I'll define the efficiency of the estimate as the true asymptotic variance/covariance matrix of the coefficients. Of course, from Gauss-Markov we know that only when you select weights proportional to the inverse conditional variance of each observation will you achieve the best limiting unbiased limit.$^1$ So based on first order, asymptotic concerns, we may just take the best stab at estimating the weightings we can, then go ahead and just robust standard errors to guard against mistakes in the weights.

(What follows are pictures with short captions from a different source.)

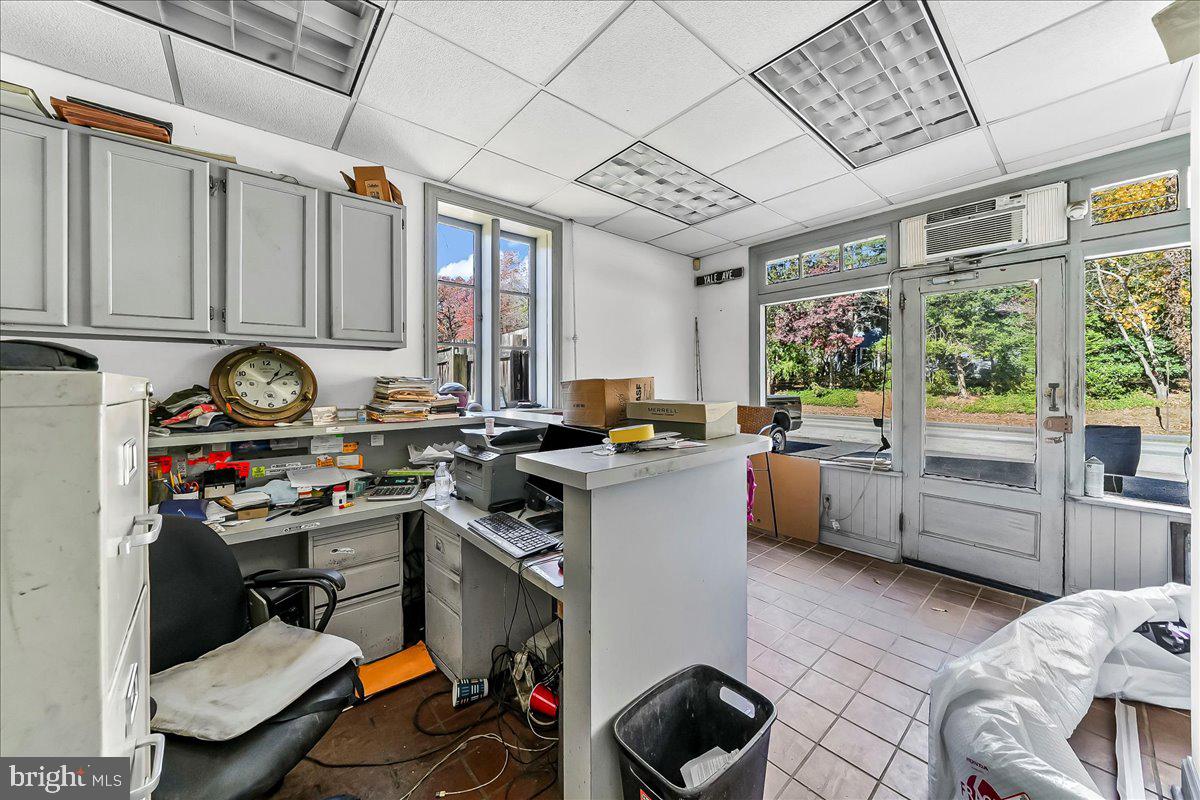 630 Yale Avenue Swarthmore, PA 19081 - Photo 14 of 24 a kitchen with sink refrigerator and cabinets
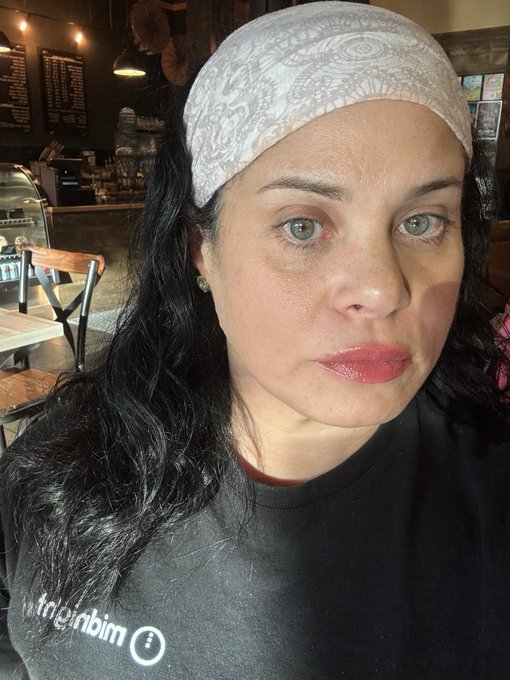 A woman with long dark hair wearing a white paisley bandana and black t-shirt takes a selfie inside what appears to be a coffee shop, with a menu board and pastry case visible in the background.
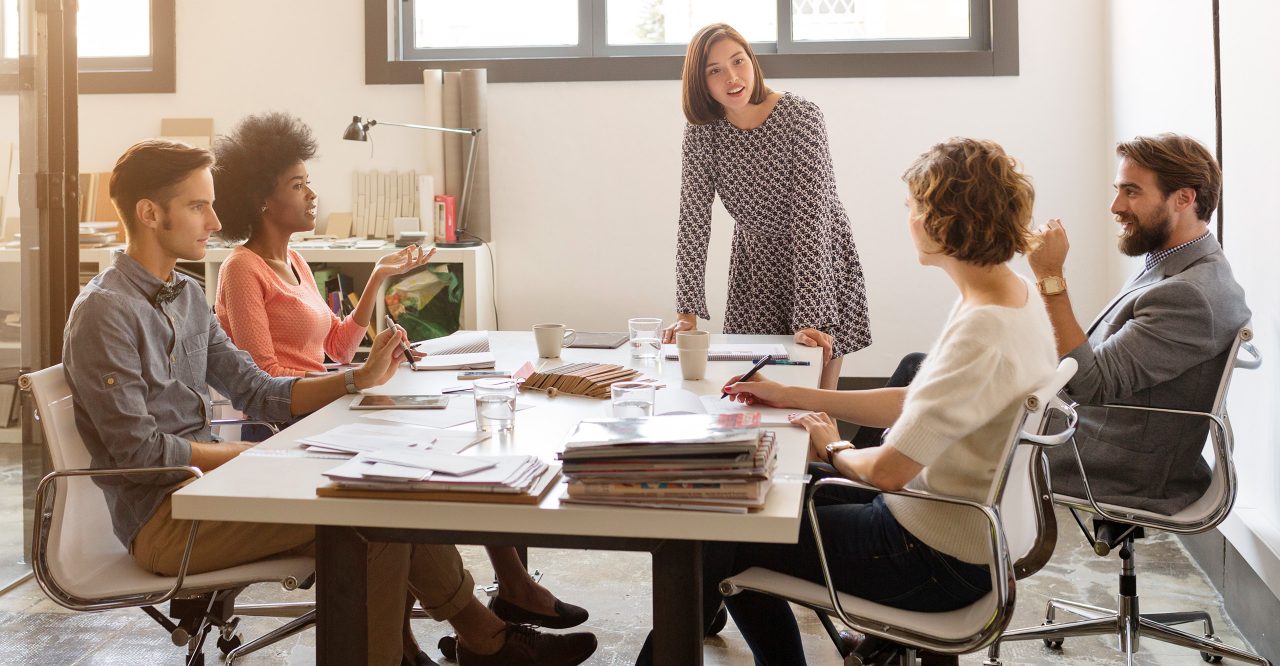 Business people discussing at conference table in board room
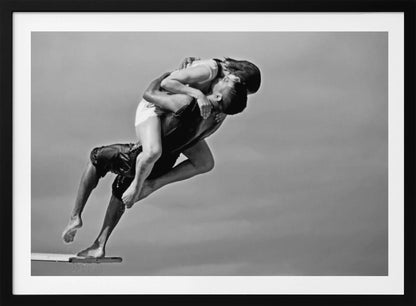 A framed, black and white photograph capturing a dynamic and romantic moment. A man is leaping off a diving board, carrying a woman who is wrapped around him in a passionate embrace, their faces close together. The background is a simple, plain gray, emphasizing their mid-air pose. Wall Art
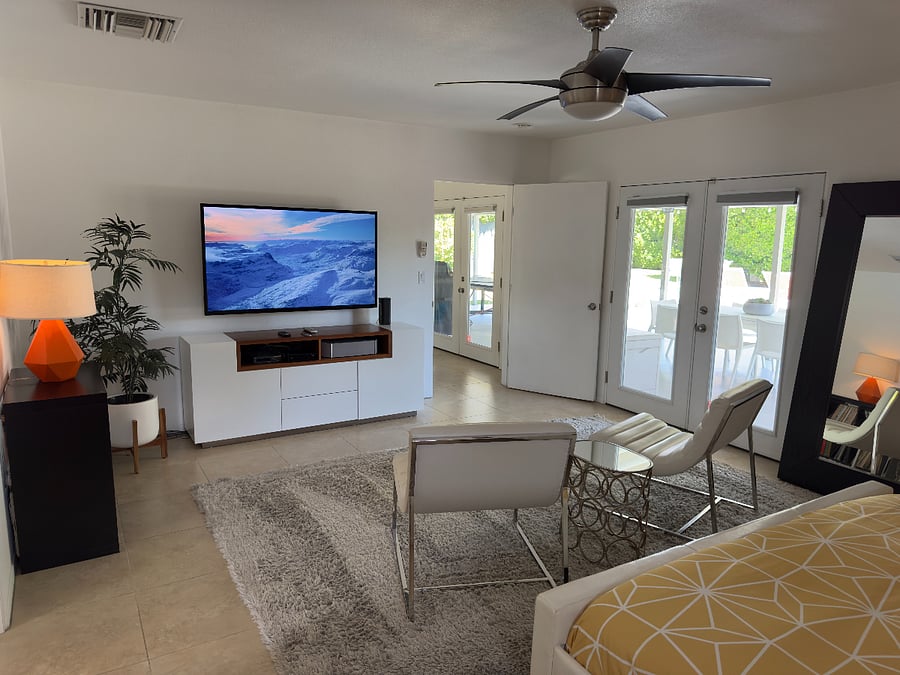 HUGE Primary Suite features French doors to pool and spa, telescoping 62" TV with Surround Sound and an oversized ensuite bathroom.
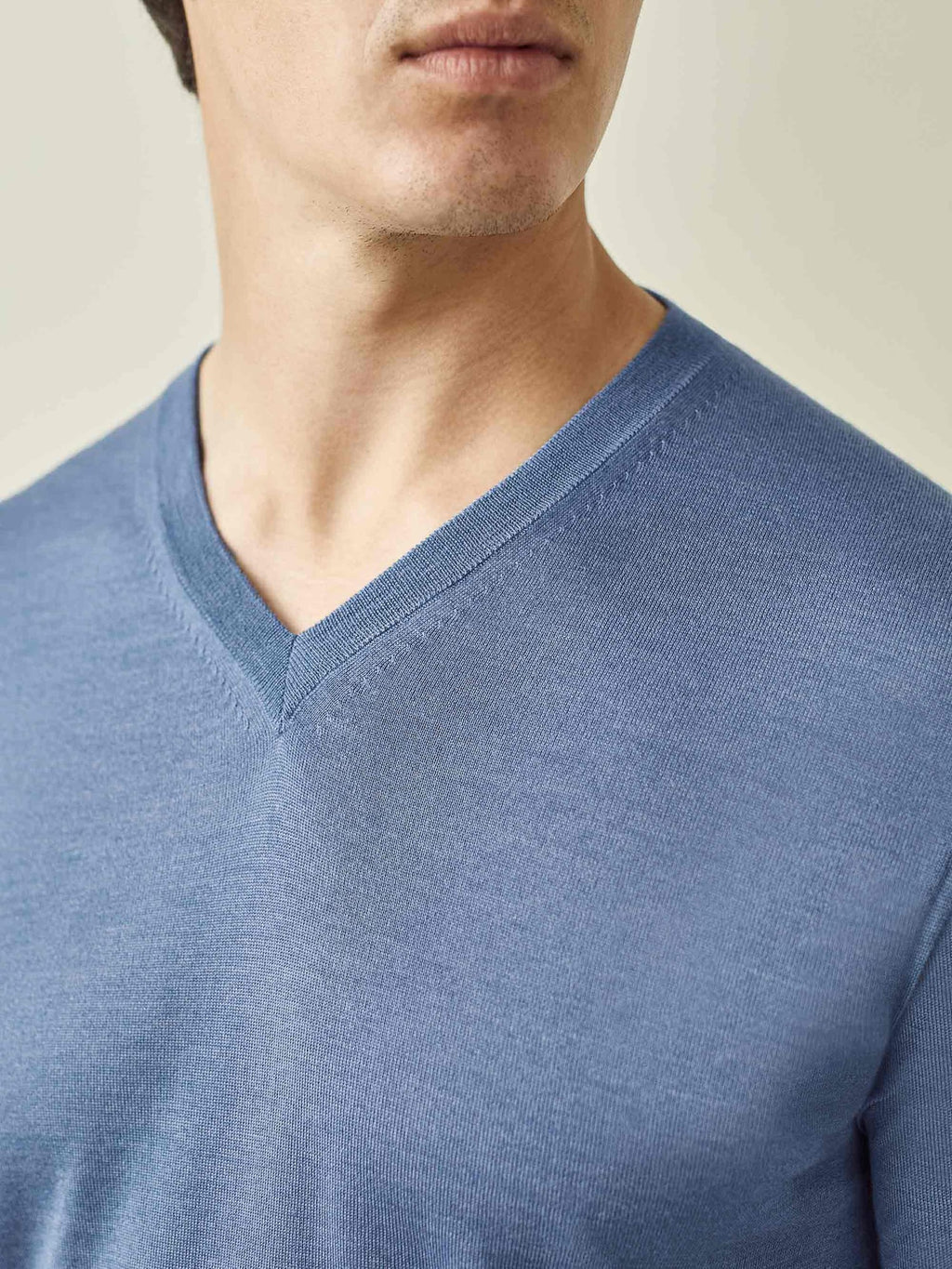 A detailed close-up of the ribbed V-neck on the men's Azure Blue Silk-Cashmere sweater.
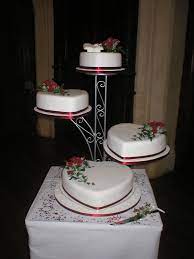 Four Tier Heart Shaped Wedding Cake Decorated With Handmade Sprays Of Roses Rose Le Wedding Cake Stands Heart Shaped Wedding Cakes Wedding Cakes With Cupcakes
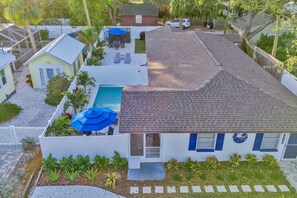 A house with a swimming pool, a covered patio, and a fenced yard.
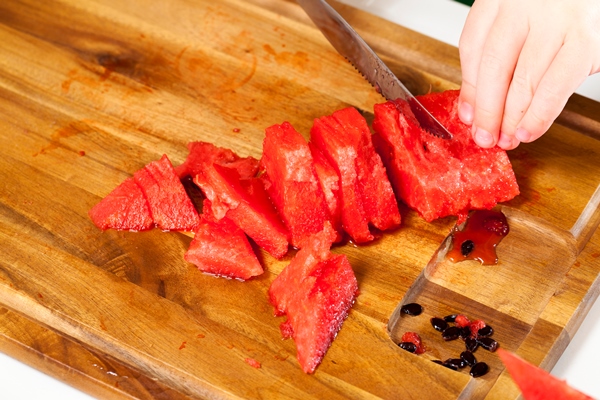 red ripe watermelon cut into pieces sweet ripe red flesh of a ripe watermelon - Мексиканский острый фруктовый салат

To say anything more refined then this we need to think of second-order asymptotic or finite sample concerns. An example of a second order concern might be "variance of the variance." While I don't have the inclination to try to make Aleco's argument rigorous, I believe it does hold--that when you estimate additional, unnecessary parameters you will introduce additional variance in the remaining parameters. (You might be able to make it rigorous by considering schur decompositions of blocks of the information matrix?) So there is probably a second-order bias-variance tradeoff present: when you use the robust standard errors, you eliminate bias in the standard errors, at the cost of maybe more variance in them.
Most people seem to care more about the bias than the variance, but if this tradeoff is important, then the only advice I have to offer is to simulate or bootstrap see how much it might matter in your application. There's probably some additional theory extant or to be developed that could offer some advice by using higher-order asymptotics, but that's beyond my paygrade.
$^1$ Proof here, apparently originally due to Aitchen.
Best Answer
To be somewhat nitpicky, I would not quite say that outliers, heteroscedasticity, and non-normality don't matter with robust regression methods. Rather, I would say that robust methods are less likely to be impaired or harmed by those conditions. However, they could still have a negative effect.
The issue of whether the significance of the coefficients or the accuracy of their estimation is what's important is really unrelated to robust regression. Which of those is more important to you depends on the questions you are trying to answer, not what tools you use to try to answer them. Instead, consider a case where you want to test the hypothesis that a given variable is unrelated to the response variable. You wouldn't want the answer you get to that question (either yes or no) to be driven by an outlier. So you would use robust methods to help ensure that your answer is representative of the bulk of your data. Likewise, consider a case where you want to know the slope of the relationship between a predictor variable and the response variable as accurately as possible. You wouldn't want the estimated slope value that you get to have been driven by an outlier. So you would use robust regression to protect against that possibility. In short, robust methods diminish the extent to which your results might be influenced by violations of the classical statistical assumptions.
I recognize your frustration that you did not get any significant results when you used these methods. There are a couple of possibilities here. It may be that what appeared to be the case prior to using robust regression (perhaps the results from a prior OLS regression analysis) were driven by violations of the OLS assumptions and the null hypothesis is actually true. The other possibility is that, when OLS assumptions do hold, standard methods will have more power than robust methods.